L’amore per il suonare.

Prendete quattro amici nelle cui vene scorre il sangue elettrico di chi ha visto gli anni dello splendore della musica rock genuina ed impastata di blues, quattro individui che negli anni Sessanta ci hanno davvero creduto nel cambiamento (quaranta anni dopo sono rimasti fedeli alle posizioni degli inizi, a differenza di tutti i figli di papà che hanno fatto la Rivoluzione solo per sentirsi grandi e cazzeggiare un po’ ma divenuti adulti hanno occupato le poltrone dei genitori), gente cresciuta ascoltando il funky dei Meters e il flauto di Roland Kirk, la tromba di Miles e la chitarra di Robert Fripp.
Gente che non crede che la scala pentatonica sia solo una semplice scala musicale ma un ideale di vita, una storia immensa ed affascinante fatta di sofferenze e schiavismo, intolleranza sociale, voglia di riscatto e tanta voglia di diverirsi un po’. Il sesso implicito che si nasconde dietro un bending di settima è universalmente riconosciuto.
Gente che non ha visto nei Rolling Stones solo 5 bei ragazzotti inglesi che facevano casino e sprigionavano sesso ad ogni loro movimento ma degli attivi partecipanti al processo di integrazione fra le razze grazie a quel loro continuo attingere alla black music.
Gente che ha lasciato prendere per mano le proprie coscienze dalla psichedelia dei Jefferson Airplane e dalle poesie del novello Pulitzer Bob Dylan.
Gente che sa che Stop Breaking Down non è soltanto uno dei più grandi pezzi blues della storia, ma è anche il ponte fra Robert Johnson e Keith Richards, fra Martin Luther King e Barak Obama.
Gente che ha seriamente preso sul serio i Beatles fin dal loro primo pezzo nonostante i coretti e l’apparente, bonaria, semplicità.
Questa è gente che per sua stessa ammissione un po’ sognatrice, uomini che quando erano giovani, se ne stavano sotto un albero tutto il pomeriggio a guardare un fiume suonando una vecchia chitarra classica o scrivendo canzoni di speranza, animati seriamente, perchè ci credevano per davvero, dal desiderio di cambiamento.
Uomini semplici e romantici, capaci di innamorarsi sulle note di una canzone.

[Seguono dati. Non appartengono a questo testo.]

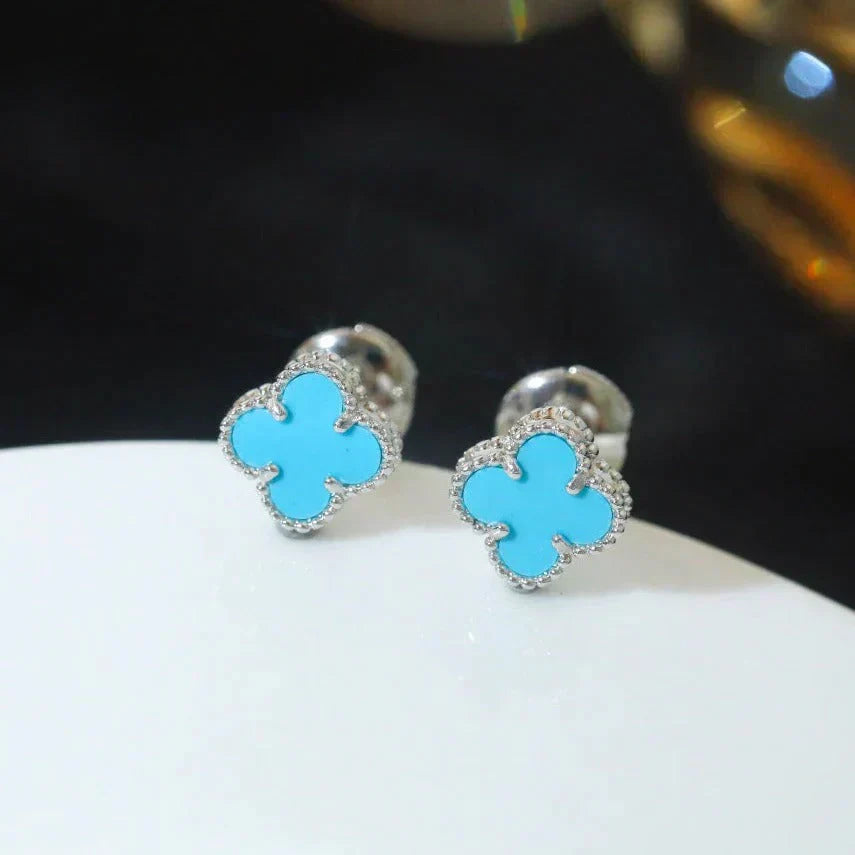 [AuraEcho]CLOVER MINI 9.5MM ONYX STUD EARRINGS SILVER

Gente che aveva finalmente trovato nella musica il linguaggio attraverso cui liberarsi di tutte le sensazioni e le emozioni che non li lasciavano liberi di dormire la notte.
Le emozioni vere e non costruite, sostanziali e non solo iconografiche o vuote, sfuggenti come quelle che siamo abituati a provare in questo XXI secolo.

Li dove non ci arrivava una parola o un gesto, per loro ci poteva arrivare una nota.

Per chi non ha mai suonato in un gruppo musicale queste parole possono suonare leggere e senza senso ma se si ha anche solo una piccola percezione di quello che possa essere sentire il cuore che scoppia nel petto mentre si guarda il proprio bassista muovere il collo avanti e indietro come un gallo in calore soggiogato da una cosa più grande chiamata ritmo, allora si può avere una minima idea di quello di cui sto parlando: l’edonistica sensazione di piacere, di Ben-Essere che serpeggia beffardo fra i nostri pori.
Il silenzio eterno e l’occhiata complice che c’è fra due musicisti quando un pezzo giunge al suo momento estremo; quando hai terminato un assolo incredibile o quando c’è stato uno scambio eccezionale fra la sezione ritmica generalmente in quei momenti si crea come una sospensione o un brivido della durata di un attimo, dove tutti quanti sul palco smettono di toccare gli strumenti e si guardano per una frazione di un eterno secondo, si guardano in faccia come a dirsi: “Cazzo l’abbiamo fatto bene”, quella conferma telepatica che arriva a tutti contemporaneamente e che come unica ripercussione fisica comporta, a parte quel benessere quasi paragonabile ad un post orgasmo, un sorriso ebete stampato sulla faccia.